Jakarta, Manadosulutnews – Indonesia mendorong peningkatan konsumsi karet alam di dalam negeri sebagai upaya konkret memastikan kesejahteraan petani karet alam di tengah situasi pandemi Covid-19, sekaligus menjaga kestabilan pasar karet alam di tingkat global. Hal tersebut disepakati Indonesia bersama Thailand dan Malaysia yang tergabung dalam International Tripartite Rubber Council (ITRC) pada pertemuan virtual yang berlangsung 22–23 September 2020.
“Sebagai negara produsen karet alam terbesar kedua di dunia, Indonesia turut merasakan dampak pandemi Covid-19 di sektor karet alam.
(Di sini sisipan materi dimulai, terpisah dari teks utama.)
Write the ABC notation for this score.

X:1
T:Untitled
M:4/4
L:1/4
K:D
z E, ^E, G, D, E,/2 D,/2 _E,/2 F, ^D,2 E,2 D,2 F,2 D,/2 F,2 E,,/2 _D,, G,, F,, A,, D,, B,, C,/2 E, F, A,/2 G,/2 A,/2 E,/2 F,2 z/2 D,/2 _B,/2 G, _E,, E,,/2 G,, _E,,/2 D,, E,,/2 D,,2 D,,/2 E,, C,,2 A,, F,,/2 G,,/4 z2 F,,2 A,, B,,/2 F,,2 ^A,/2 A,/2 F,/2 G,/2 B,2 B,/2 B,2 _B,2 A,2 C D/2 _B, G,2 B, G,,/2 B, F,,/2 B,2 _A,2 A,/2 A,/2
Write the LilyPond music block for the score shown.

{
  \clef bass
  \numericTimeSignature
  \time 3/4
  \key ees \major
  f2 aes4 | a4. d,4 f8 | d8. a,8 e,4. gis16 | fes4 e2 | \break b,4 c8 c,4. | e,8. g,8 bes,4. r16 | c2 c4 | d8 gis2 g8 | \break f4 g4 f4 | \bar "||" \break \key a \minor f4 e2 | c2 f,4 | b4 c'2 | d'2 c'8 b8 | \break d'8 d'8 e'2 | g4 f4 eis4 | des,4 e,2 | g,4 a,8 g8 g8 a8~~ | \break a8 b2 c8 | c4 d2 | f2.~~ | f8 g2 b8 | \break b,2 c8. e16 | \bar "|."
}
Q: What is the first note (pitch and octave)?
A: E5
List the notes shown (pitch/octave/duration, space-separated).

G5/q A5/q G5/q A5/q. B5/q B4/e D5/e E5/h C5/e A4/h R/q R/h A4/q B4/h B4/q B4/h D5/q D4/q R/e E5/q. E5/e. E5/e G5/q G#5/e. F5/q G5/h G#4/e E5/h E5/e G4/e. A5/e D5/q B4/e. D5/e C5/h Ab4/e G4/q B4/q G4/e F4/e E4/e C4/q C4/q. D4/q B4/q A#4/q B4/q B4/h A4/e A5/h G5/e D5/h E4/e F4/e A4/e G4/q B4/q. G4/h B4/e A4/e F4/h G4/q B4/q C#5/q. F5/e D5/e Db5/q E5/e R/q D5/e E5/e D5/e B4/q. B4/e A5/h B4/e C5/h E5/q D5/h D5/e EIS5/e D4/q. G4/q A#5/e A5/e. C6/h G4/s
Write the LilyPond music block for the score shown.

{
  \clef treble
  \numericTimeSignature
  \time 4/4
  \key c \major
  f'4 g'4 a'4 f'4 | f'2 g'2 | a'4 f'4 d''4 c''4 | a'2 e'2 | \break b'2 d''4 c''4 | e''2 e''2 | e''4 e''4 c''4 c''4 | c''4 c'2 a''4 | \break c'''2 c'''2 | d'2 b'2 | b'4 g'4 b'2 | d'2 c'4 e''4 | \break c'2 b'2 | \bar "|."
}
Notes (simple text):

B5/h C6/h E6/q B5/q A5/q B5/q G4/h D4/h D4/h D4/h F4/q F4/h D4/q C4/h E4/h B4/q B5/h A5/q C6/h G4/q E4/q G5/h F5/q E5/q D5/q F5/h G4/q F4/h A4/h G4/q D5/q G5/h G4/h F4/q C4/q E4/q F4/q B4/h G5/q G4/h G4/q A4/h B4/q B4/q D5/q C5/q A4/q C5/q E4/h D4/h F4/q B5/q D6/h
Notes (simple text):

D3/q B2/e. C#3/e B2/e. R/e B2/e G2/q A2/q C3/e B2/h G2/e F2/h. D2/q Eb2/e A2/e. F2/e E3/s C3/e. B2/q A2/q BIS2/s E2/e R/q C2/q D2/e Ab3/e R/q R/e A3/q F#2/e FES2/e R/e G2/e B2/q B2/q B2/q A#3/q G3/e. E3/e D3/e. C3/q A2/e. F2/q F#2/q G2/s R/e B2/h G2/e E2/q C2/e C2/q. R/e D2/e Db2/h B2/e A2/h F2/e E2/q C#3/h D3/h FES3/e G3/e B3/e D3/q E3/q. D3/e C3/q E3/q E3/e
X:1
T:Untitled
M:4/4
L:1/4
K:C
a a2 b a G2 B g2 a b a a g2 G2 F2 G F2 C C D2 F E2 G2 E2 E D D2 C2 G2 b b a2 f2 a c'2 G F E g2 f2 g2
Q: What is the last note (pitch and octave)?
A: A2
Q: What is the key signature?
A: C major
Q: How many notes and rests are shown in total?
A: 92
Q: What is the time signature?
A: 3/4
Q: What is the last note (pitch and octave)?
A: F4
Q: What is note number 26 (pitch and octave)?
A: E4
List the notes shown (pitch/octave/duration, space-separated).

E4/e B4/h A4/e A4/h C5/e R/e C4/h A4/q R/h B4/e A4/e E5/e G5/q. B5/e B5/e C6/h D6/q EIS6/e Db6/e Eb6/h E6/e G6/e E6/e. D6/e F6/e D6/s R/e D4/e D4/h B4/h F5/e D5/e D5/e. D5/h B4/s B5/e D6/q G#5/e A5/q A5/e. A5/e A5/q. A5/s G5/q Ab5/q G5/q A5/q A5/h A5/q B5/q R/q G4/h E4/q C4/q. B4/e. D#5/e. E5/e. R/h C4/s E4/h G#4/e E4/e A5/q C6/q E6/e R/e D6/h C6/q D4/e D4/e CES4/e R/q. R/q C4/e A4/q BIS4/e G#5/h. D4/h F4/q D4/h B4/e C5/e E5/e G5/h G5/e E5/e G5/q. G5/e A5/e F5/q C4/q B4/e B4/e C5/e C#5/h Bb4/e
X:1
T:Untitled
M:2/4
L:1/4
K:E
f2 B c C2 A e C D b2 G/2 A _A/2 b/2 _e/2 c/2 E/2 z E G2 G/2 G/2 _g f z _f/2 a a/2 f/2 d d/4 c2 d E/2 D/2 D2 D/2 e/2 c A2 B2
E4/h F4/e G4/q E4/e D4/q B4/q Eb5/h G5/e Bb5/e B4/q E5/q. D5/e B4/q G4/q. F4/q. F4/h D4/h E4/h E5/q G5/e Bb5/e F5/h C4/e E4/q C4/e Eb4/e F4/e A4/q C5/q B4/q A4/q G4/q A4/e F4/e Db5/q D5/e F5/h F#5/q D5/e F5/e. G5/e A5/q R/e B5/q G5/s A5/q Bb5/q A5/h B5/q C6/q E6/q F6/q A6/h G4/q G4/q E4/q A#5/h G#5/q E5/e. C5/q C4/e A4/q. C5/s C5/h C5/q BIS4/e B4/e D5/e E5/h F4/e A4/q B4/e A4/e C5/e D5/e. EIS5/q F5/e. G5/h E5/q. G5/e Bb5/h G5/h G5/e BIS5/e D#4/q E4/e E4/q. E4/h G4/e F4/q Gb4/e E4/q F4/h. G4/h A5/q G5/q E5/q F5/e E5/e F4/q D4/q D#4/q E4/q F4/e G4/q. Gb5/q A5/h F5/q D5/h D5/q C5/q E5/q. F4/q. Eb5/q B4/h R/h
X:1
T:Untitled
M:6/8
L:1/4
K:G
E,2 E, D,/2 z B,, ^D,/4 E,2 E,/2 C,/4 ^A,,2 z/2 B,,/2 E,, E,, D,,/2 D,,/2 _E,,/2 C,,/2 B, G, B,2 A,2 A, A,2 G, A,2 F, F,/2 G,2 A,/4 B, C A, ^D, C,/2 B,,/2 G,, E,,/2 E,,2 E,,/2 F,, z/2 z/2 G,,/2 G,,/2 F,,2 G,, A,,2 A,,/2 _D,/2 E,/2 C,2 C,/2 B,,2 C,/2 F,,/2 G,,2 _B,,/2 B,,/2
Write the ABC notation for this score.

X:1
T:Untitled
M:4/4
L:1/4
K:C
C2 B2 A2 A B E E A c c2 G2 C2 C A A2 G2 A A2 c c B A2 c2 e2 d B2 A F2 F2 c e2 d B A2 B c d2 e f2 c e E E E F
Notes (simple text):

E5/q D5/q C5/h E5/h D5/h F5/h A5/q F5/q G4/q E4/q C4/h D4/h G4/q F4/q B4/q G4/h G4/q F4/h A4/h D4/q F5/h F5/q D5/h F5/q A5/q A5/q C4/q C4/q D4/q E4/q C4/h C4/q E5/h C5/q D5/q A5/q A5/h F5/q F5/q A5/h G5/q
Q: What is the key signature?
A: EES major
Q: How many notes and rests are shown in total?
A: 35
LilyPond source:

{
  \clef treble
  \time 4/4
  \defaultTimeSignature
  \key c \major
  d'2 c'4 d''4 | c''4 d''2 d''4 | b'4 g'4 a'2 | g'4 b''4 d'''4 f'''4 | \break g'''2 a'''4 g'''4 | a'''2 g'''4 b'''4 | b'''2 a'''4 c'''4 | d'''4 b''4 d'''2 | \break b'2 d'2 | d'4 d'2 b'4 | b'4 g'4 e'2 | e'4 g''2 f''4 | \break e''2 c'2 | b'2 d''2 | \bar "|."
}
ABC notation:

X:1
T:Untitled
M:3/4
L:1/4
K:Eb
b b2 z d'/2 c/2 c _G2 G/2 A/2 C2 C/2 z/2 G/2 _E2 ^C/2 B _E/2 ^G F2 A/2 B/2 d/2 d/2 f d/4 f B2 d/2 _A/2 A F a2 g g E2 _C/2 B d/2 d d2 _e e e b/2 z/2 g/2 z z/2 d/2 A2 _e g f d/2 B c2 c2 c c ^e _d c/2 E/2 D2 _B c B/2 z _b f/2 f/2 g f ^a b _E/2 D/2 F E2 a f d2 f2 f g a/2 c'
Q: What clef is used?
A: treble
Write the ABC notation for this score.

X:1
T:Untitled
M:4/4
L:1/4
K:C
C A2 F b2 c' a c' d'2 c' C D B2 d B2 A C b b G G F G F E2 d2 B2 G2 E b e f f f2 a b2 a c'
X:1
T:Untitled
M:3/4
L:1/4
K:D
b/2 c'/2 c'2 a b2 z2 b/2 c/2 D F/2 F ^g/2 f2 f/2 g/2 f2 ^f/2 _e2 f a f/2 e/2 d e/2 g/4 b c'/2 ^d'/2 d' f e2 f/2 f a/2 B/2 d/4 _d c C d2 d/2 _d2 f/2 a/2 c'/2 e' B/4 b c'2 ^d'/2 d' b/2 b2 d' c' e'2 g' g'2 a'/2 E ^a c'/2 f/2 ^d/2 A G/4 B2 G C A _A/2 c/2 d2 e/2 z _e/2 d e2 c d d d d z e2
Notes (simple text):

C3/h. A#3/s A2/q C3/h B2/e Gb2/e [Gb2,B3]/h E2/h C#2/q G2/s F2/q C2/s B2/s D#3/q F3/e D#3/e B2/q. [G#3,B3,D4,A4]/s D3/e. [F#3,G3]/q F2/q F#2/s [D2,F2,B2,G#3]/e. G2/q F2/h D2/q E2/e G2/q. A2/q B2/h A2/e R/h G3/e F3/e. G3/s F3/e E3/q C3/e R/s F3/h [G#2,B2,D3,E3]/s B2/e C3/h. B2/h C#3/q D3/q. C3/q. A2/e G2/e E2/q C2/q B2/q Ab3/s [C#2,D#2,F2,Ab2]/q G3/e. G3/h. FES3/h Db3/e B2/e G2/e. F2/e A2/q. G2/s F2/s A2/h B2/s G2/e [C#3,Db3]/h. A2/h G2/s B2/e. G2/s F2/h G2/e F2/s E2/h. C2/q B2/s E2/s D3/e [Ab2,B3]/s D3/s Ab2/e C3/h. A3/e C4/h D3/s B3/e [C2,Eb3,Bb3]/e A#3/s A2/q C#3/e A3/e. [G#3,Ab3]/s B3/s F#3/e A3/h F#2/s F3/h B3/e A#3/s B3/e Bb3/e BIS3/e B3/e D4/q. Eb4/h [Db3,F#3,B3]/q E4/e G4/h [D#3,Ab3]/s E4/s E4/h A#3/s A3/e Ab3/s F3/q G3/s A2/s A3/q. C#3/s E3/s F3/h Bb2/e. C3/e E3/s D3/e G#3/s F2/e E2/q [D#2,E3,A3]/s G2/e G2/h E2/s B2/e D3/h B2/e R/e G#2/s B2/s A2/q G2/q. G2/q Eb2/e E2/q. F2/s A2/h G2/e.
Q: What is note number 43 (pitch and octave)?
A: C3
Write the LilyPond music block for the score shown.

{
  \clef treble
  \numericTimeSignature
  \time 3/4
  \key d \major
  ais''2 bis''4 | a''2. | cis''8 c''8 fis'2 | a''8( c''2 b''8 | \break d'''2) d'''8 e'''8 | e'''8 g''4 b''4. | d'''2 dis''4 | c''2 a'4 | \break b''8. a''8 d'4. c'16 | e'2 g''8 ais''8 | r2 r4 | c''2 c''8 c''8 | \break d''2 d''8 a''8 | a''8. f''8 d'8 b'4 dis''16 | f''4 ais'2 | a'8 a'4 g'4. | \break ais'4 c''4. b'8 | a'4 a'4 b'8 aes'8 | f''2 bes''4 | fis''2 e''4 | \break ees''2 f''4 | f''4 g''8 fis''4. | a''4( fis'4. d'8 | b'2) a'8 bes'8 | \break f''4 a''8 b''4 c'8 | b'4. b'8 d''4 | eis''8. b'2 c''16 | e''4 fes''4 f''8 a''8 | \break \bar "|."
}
Untuk itu, Indonesia bersama dua negara produsen karet alam lainnya berkolaborasi merumuskan upaya konkret guna memastikan petani karet tetap mendapatkan harga yang remuneratif di tengah situasi yang tidak menentu seperti sekarang ini,” ujar Plh. Direktur Perundingan APEC dan Organisasi Internasional Kementerian Perdagangan, Antonius Yudi Triantoro.
Yudi menjelaskan, pandemi Covid-19 mengakibatkan munculnya beragam kebijakan, seperti pembatasan keluar-masuk barang, penundaan pembelian karet, hingga karantina wilayah (lockdown). Untuk itu, Indonesia bersama Thailand dan Malaysia terus berkomitmen menjaga keseimbangan pasokan dan permintaan karet alam di pasar global, termasuk memastikan konsumsi karet alam domestik yang signifikan agar pengurangan ekspor akibat pandemi dapat digantikan dengan penggunaan karet di dalam negeri.
Penyerapan Karet Alam Domestik
Guna meningkatkan konsumsi karet di tiga negara, ITRC melalui Komite Demand Promotion Scheme (DPS) menyampaikan strategi, inovasi, dan program peningkatan penggunaan karet alam di dalam negeri. Situasi pasar dunia yang kurang menguntungkan dengan adanya pandemi perlu disikapi lebih baik. Walaupun terjadi penurunan produksi akibat pandemi, konsumsi dunia juga ikut menurun sehingga menyebabkan harga masih terus tertekan.
“Kami akan terus berupaya memperjuangkan sektor karet alam demi jutaan petani yang menggantungkan hidupnya pada komoditas ini. Banyak peluang yang bisa dimanfaatkan untuk meningkatkan konsumsi karet alam seperti penggunaan karet sebagai campuran aspal, maupun produk barang jadi karet yang permintaannya meningkat akibat pandemi Covid-19 seperti sarung tangan karet dan karet perisai radiasi,” lanjut Yudi.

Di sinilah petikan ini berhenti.